It’s been a hot minute since I’ve regularly blogged, but I’m working on getting back into it. Let’s see a few of the things I’ve been up to lately, where “lately” is, oh, most of this year…
I’ve launched a couple of trainings on Teachable, one on the APPLY operator and one entitled the Curated Data Platform. The goal of these trainings is to provide in-depth training on topics at reasonable prices. For now, I’m probably not going to develop any more of these trainings, as they take a lot of time to put together and the ROI isn’t there today.
Speaking of “the ROI isn’t there,” I’ve agreed to write a book on anomaly detection in Python. The working title of the book is Finding Ghosts in Your Data: Anomaly Detection Techniques with Examples in Python. I definitely was not anticipating writing a second book after PolyBase Revealed, but I have spent a lot of time in the world of anomaly detection the last few years, and it’s an area where I think I can make a contribution. Most books on anomaly detection tend to have the feel of textbooks: heavy on the statistical and mathematical underpinnings of techniques, but light on implementation. The goal of Finding Ghosts in Your Data is to straddle the line between academic work and tutorial. I’ll still get into a lot of detail on anomaly detection techniques, but the intended audience for this book is a software developer who has forgotten most of his statistics course from university days.
I also intend to do a fair amount of blogging on the book as I write it. I won’t give away the whole thing, but I will share a lot along the way.
New Talks! Some of Them In Person!
Right now, I’m in the midst of developing four new talks, all of which have to be done before the end of the month.
Keeping It Classy: Designing a Great Classifier and Building Your First Data Pipeline in Apache Spark are going to debut at the PASS Data Community Summit as part of two separate learning paths. The first talk provides a solid foundation for what a classification algorithm is in the data science world, different types of classification algorithms, and when you might choose one over the others. I cover a variety of tree-based (e.g., CART, random forest, XGBoost) and non-tree (e.g., kNN, Naive Bayes, Passive-Aggressive) algorithms, explain at a high level how they work, and show how you can work with them using libraries like
The second talk, meanwhile, provides an introduction to Apache Spark by way of Azure Databricks. In it, I’ll cover the basic details of what Apache Spark is, how Databricks fits into it all, and how we can create data pipelines. Trust me when I say that I stretch the pipeline metaphor as far as it goes, and maybe a little further.
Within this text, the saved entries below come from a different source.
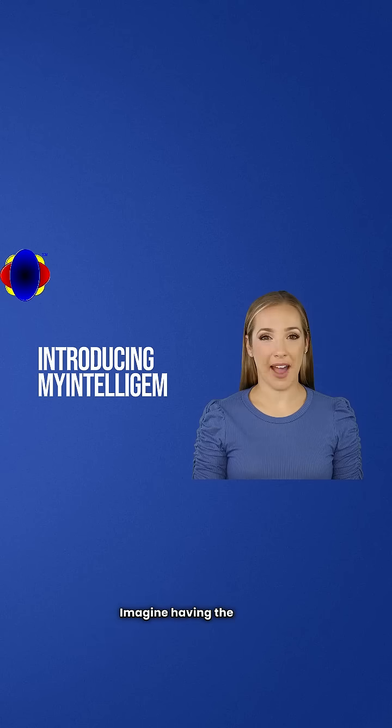Imagine having the power to elevate your gemological expertise to new heights. With My IntelliGEM, you gain access to cutting-edge technology that transforms the way you analyze and evaluate gemstones.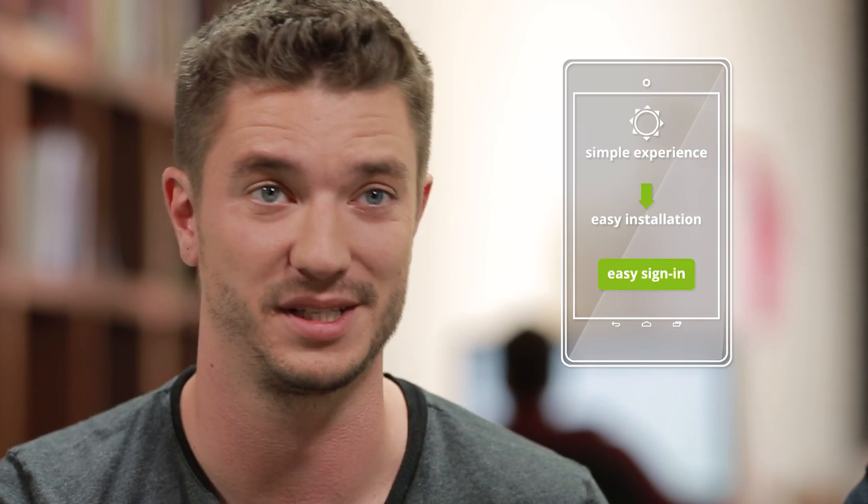It's important for them to be able to install your app easily and sign into it very easily. And that's where I think Google Play for Education has been really helpful.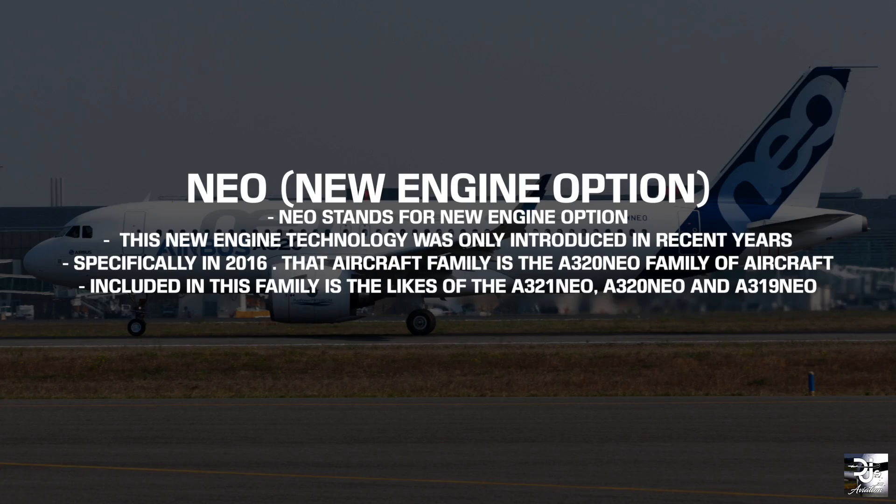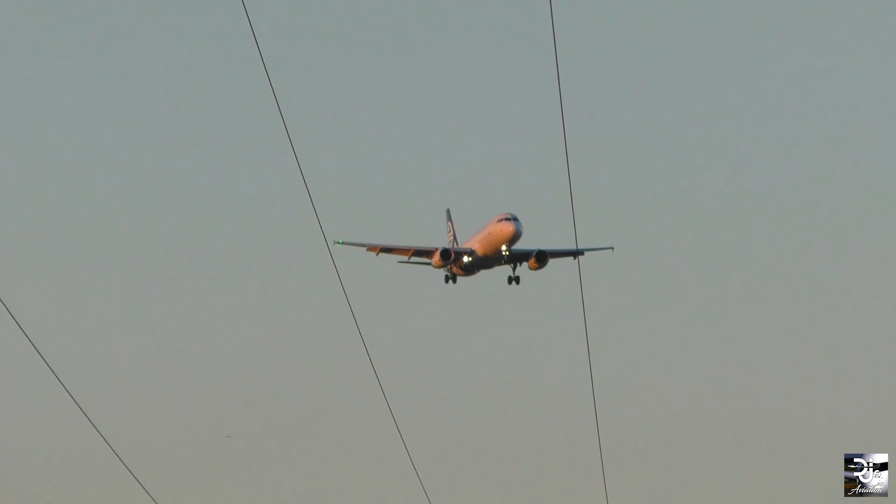What is a NEO? NEO stands for New Engine Option. This new engine technology was only introduced in recent years, specifically in 2016 for single aisle aircraft. That single aisle aircraft is known today as the A320 NEO family of aircraft. Included in this family is the likes of the A321 NEO, A320 NEO, and A319 NEO.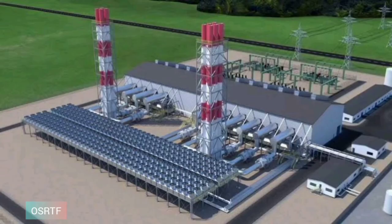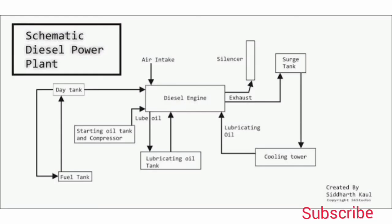4. The load operation is easy and requires minimum labor. 5. Efficiency at part loads does not fall so much as that of a steam plant. 6. Fuel handling is easier and no problem of ash disposal exists. 7. The plant is smaller in size than a steam power plant for the same capacity. 8. Diesel plants operate at higher overall efficiency than steam.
Riding the Rails: Railway-Oriented Programming with F# is the third talk I’m currently working on. It follows the excellent Scott Wlaschin’s Railway-Oriented Programming metaphor and talk, and I plan to give it my own spin by including more code in the talk itself. The cost of focusing more on the code is a loss of some of the depth of discussion that Scott hits, but I hope that trade-off is worthwhile, as I really like the ROP metaphor / Either monad. You can find this at the Azure Community Conference.
Finally, the fourth talk debuting this month is entitled Saving your Wallet from the Cloud, and it is intended to serve as a way of understanding how pricing in the cloud works and different methods you can choose to slice that bill. This one will debut for SQL Saturday #1021 in Orlando.
I’ll probably have a blog series for each talk over the next couple of months, once the time constraints have softened a bit.
Microsoft Cloud Workshops
One of the things I do for Solliance is create and maintain Microsoft Cloud Workshops. Right now, I have two on my plate: Big data and virtualization, and Innovate and modernize apps with Data and AI. Both of them have updated scheduled, and they’re both pretty big ones.
A few months ago, I was the subject matter expert for DataCamp’s Data Modeling in Power BI course. You won’t see or hear me there, but I shaped the course design, developed most of the content, and handed all of that off to DataCamp folks so that I don’t have to think about it any longer…
I’m currently doing the same on a course around data visualization in Power BI. This course should be particularly interesting because I’m combining psychological concepts (knowing your audience, getting an emotional response, reducing cognitive load, tracking focal points, etc.) with a grand overview of most Power BI visuals, including custom visuals and Python/R visuals. In addition to those, there’s an entire lesson on designing for accessibility. For approximately 4-6 learner hours of training, there’s a lot of content packed in there. I’m about 2/3 of the way through this course, so we’ll probably see it release in December.
More on the Plate
There’s a bit more that I’m working on as well, but by this point, I’m now convinced I live on a planet with 36-hour days…or I’m over-booked, one of the two.